Oakland’s Kaleen Carimbocas,

a fellow east coast transplant, is a smiling faced, approachable woman with fierce dreams.  She is currently working as a Research Associate at USF’s Center for Child and Family Development where she comes up with research topics, plans of execution and studies what is important for the clients they serve.

The Center for Child and Family Development

services public schools in San Francisco and takes place at Mercy High school. The program entails trying to figure out what is going on for the child in the classroom and keeping them from excelling. Often, this process involves the family, as the model is really a school based family counseling model. In this way, Kaleen says, they can make sure the parents have what they need, the children are given opportunities to succeed, and any obstacles that are contributing to them suffering academically, can be addressed. A solution may be as simple as re-seating them in the classroom. The Center also works with the teachers and principals of schools, getting everyone involved in a holistic effort to aid the student.

Some commonalities Kaleen found included that most families are at a disadvantage because of their level of wealth. Often, basic needs are not being met. She mentioned that thankfully, a lot of people are now starting to understand that it’s not just about how the teacher does and how the school works- it is about what is going on at home too. There is also sometimes a language barrier.

The Center also holds conferences to let other schools know they exist and can be of service to them, as it is open to all San Francisco Schools. They provide Parent Group Therapy as well.

Kaleen is passionate about this work. She says it is really important work, to have the kids have someone to talk to outside of home, because (often) they do think they are to blame and are bad.

Kaleen is currently earning her

Counseling Psych and Marriage and Family Therapy

License and Masters at USF. Recently, the program has shifted to encompass a multicultural approach, as they have realized that cultural competence is essential to be able to work with diverse populations. The program is now a 70-unit program when it was previously a 40-unit program. California is one of the most progressive states in the country, when it comes to mental health. The state holds the bar high for mental health professionals and the individuals that want to become service providers, educators and professionals in the field, have to be extremely driven and passionate.

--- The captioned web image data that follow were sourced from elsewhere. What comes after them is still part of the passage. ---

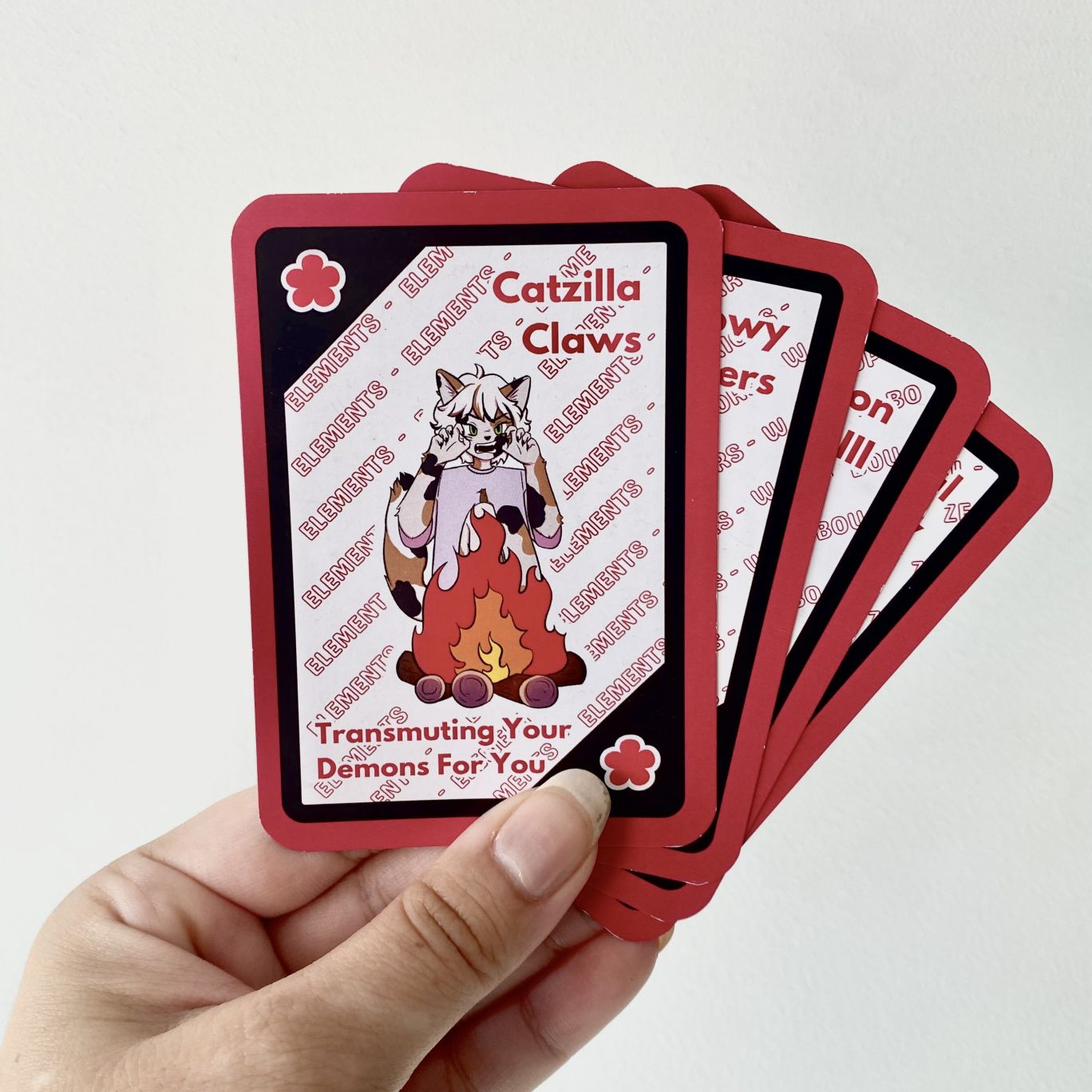 RED Kittee Familee Card Game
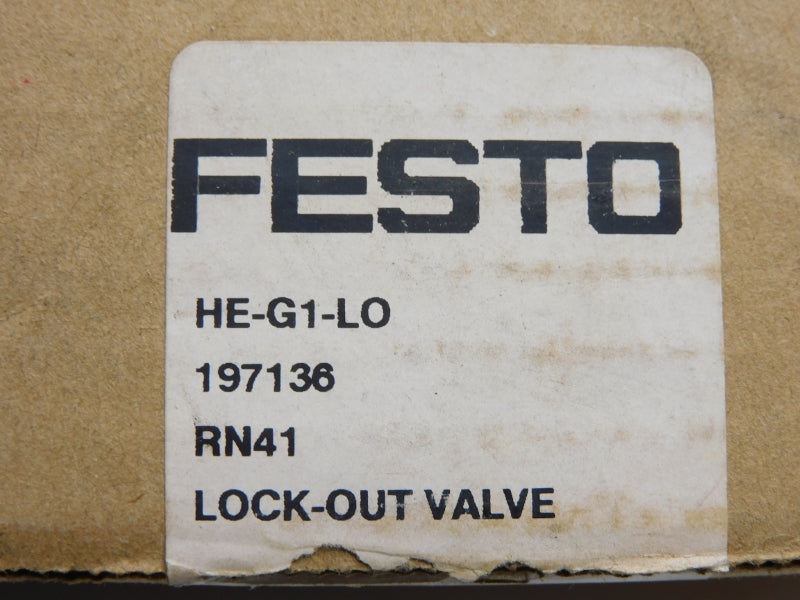 FESTO HE-G1-LO 197136 0-150PSI NSMP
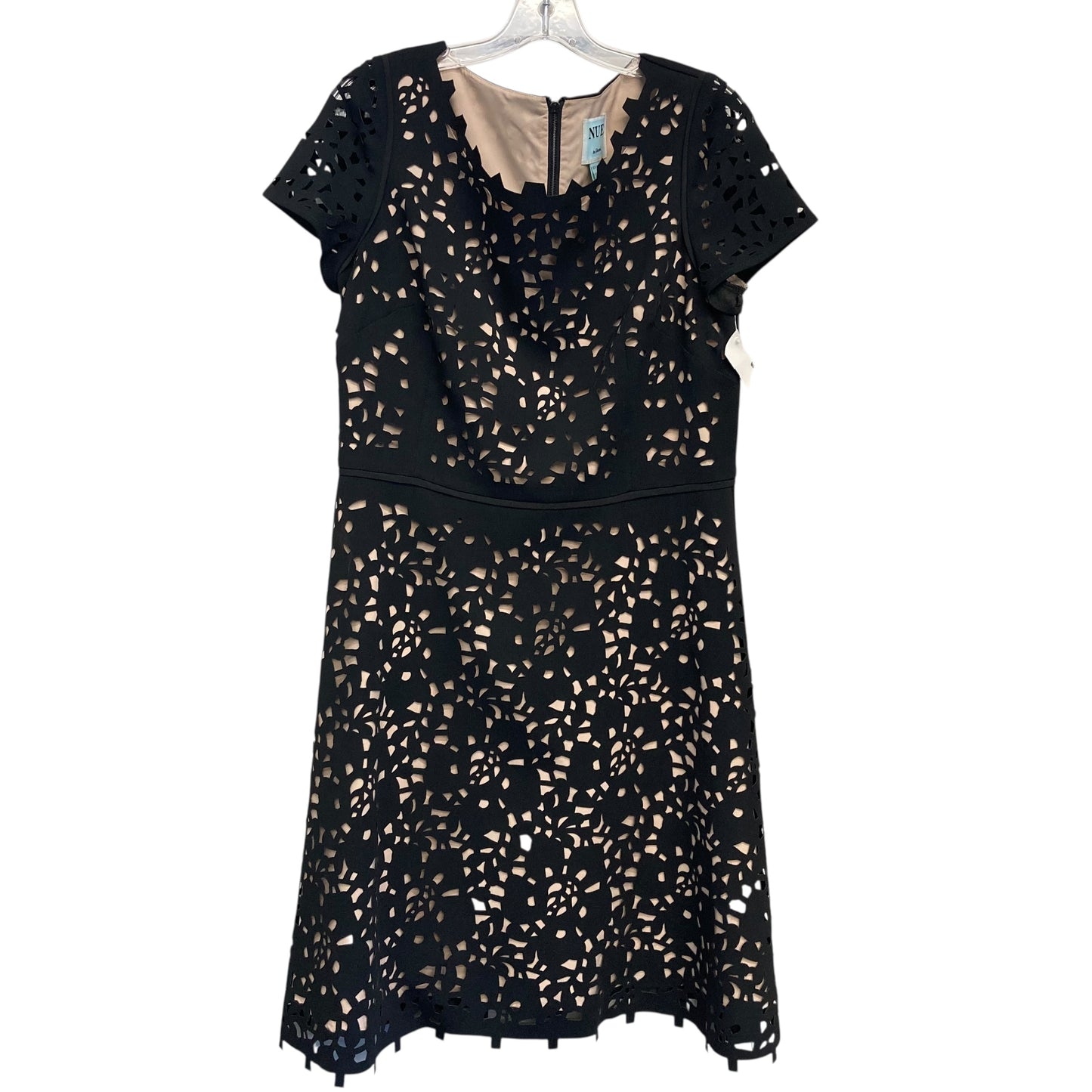 Dress Party Short By Nue by Shani In Black & Tan, Size:L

Kaleen is in the first year of a three-year program and talking about working on getting published. She nonchalantly tells me that she has been invited to present in Washington DC, at

APA

on

Black Women in Psychology.

This is a huge deal! APA is what funds psychology in this nation! For her to get invited to present her research is impressive, yet Kaleen says to me, like she is ordering a latte, this world only happens to listen to research that is empirical and in a collegiate environment. I am in that environment, and I can speak to the huge concerns of mental health of black women. Research will then give black women representation in psychology that they don’t have, as it is a very under researched area. In very small ways we are trying to change that. I want to be one of those women.

USF PsychKaleen tells me that she sees change happening in two ways: counseling will bring people to her to express themselves and she will be able to give voice to more black women.  In their opening up and telling her about challenges and supports that they need, this will hopefully combat the view that a lot of minority populations have of mental health services.